Our analysis suggests that this concern may be unfounded. Data combined from 96 of Illinois’ 102 counties for the years 2016-2021 indicate that only 4% of all monetary bail disbursed went to compensate victims. This should not be surprising, given that some of the most high-volume crimes for which monetary bail may be imposed—such as drug possession and driving under the influence—do not involve an identifiable victim or lead to restitution orders, regardless of the outcome of the case.
Of course, upon final conviction, a judge may order a defendant to pay restitution whether or not monetary bail was paid to secure release at the start of the case. Combining the bail disbursement data assembled by the Task Force with data from County Clerks of the Circuit Court on the amount of restitution collected and dispersed indicates that statewide during the years 2016-2021, most restitution paid to Illinois crime victims (71%) came from sources other than bail money.

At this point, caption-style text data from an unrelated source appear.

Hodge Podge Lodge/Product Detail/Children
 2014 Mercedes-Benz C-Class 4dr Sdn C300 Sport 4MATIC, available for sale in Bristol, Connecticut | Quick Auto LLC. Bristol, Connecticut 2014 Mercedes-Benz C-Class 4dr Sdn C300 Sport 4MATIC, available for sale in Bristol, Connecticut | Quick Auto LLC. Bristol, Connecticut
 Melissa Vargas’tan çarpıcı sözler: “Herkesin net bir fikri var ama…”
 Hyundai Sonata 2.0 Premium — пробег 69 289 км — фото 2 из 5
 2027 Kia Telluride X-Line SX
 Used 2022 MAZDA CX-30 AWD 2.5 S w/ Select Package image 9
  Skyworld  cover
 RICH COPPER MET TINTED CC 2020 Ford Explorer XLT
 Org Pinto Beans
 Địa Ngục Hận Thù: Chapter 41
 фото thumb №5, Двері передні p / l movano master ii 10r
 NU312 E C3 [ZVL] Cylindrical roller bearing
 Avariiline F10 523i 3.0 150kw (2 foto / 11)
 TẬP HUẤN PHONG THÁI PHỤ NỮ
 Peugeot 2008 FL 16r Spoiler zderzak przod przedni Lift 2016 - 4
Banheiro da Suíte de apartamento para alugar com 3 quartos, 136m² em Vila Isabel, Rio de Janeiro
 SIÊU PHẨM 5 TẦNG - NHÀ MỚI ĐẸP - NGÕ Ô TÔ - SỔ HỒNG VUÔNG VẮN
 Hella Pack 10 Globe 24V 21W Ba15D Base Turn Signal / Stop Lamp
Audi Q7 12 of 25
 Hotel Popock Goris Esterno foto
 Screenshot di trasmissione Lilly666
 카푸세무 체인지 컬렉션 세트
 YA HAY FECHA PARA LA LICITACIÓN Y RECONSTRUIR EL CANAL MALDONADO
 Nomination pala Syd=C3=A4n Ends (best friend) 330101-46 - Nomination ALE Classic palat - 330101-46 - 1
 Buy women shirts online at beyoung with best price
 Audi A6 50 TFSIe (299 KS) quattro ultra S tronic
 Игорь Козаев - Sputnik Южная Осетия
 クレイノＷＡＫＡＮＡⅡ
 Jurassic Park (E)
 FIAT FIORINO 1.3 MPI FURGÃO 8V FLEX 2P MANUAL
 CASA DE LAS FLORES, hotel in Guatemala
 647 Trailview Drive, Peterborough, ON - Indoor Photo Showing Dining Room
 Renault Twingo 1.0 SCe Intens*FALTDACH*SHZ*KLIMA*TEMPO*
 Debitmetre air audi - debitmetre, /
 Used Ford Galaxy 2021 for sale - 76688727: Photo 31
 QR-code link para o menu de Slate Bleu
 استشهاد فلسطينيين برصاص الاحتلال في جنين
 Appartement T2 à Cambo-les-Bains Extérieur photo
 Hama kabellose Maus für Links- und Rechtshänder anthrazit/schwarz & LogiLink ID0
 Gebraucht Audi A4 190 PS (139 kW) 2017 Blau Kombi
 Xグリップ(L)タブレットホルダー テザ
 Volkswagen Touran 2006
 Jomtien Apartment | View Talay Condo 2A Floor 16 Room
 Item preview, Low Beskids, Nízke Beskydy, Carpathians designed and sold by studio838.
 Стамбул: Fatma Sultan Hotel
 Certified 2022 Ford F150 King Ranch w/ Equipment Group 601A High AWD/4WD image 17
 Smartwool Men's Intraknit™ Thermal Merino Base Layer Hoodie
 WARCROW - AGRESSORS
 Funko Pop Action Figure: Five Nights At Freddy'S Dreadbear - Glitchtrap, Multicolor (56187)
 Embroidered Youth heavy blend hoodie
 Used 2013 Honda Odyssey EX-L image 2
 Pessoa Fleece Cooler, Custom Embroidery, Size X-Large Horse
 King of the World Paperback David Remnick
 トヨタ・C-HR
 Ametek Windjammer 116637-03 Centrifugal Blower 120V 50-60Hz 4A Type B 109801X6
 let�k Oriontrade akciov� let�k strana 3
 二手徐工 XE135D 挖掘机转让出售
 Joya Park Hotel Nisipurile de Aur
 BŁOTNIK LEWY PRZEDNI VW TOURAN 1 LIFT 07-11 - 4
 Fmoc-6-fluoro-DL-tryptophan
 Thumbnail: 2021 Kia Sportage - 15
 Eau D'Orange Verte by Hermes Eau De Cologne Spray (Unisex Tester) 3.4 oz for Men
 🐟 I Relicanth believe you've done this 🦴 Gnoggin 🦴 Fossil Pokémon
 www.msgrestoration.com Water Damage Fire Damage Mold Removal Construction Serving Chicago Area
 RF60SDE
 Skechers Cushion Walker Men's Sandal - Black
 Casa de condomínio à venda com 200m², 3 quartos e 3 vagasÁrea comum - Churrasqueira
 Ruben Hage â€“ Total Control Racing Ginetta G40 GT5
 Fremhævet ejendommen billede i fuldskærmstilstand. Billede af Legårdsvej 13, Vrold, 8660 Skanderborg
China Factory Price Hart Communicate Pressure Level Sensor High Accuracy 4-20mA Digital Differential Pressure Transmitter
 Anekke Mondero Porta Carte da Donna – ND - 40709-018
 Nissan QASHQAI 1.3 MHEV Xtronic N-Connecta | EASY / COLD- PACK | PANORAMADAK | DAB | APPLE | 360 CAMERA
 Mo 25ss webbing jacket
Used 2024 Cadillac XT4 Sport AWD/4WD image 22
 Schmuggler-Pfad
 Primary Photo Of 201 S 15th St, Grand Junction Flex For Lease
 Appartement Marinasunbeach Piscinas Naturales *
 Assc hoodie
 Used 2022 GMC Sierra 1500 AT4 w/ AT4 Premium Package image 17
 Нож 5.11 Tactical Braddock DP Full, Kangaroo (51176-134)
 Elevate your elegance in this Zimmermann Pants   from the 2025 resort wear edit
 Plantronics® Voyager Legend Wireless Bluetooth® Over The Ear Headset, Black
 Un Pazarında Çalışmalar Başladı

The extent to which bail funds were used to compensate victims varied somewhat across the state. However, in most counties (75% of the counties included in the analyses), victims received no more than 6% of all the bail money disbursed. Only one county devoted more than 15% of bail money disbursed to victim restitution, which could be due to the unique nature of criminal cases in that jurisdiction or a different approach to ordering restitution. Unfortunately, data do not exist in Illinois that would easily allow for these explanations to be confirmed. There was a weak to moderate, inverse correlation between the share of bail disbursements going towards restitution and measures of the county size and case volume (e.g., population, criminal case filings and pretrial jail bookings): as population/case filings/jail bookings increased, the proportion of bail funds going towards restitution decreased slightly.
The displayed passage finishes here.